I think in the case without the count, sieve2 is taking longer because it is doing a bit of the work whilst constructing the filtered sequence.
When you put the count in, sieve2 is faster because it's the better algorithm.
P.S. When I try (time (sieve 10000000)), my machine crashes with a stack overflow, presumably because of the vast stack of nested filter calls it's building up. How come it ran for you?
Some optimization tips for this kind of Primative number heavy math:
use clojure 1.3
clonjure 1.3 allows un-boxed-checked-arithmetic so you wont be casting everything to Integer.

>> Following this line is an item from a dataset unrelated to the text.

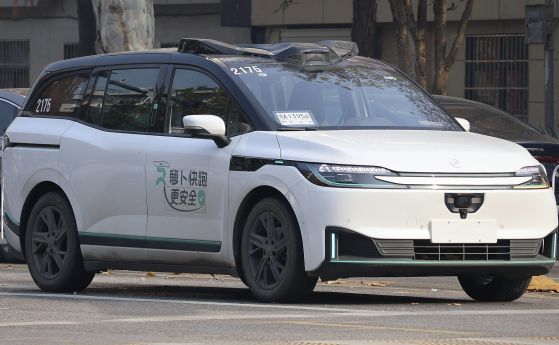 Baidu временно спира част от роботаксита си в Ухан след серия инциденти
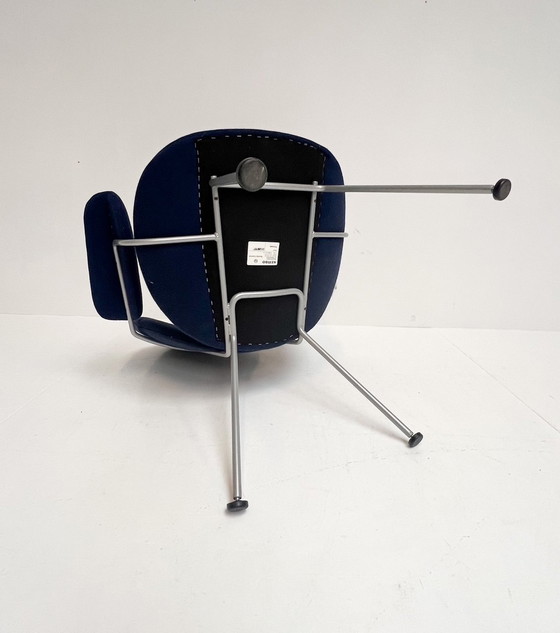 Image 1 of Fauteuil Kembo bleu foncé de W.H. Gispen (par pièce), après 2000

type hint the function arguments
Otherwise you will end up casting all the Ints/Longs to Integer for each function call. (you're not calling any hint-able functions so i'm just listing it here as general advice)
don't call any higher order functions.
Currently (1.3) lambda functions #( ...) cant be compiled as ^static so they only take Object as arguments. so the calls to filter will require boxing of all the numbers.
You're likely loosing enough time in boxing/unboxing Integers/ints that it will make it hard to really judge the different optimizations. If you type hint (and use clojure 1.3) then you will likely get better numbers to judge your optimizations.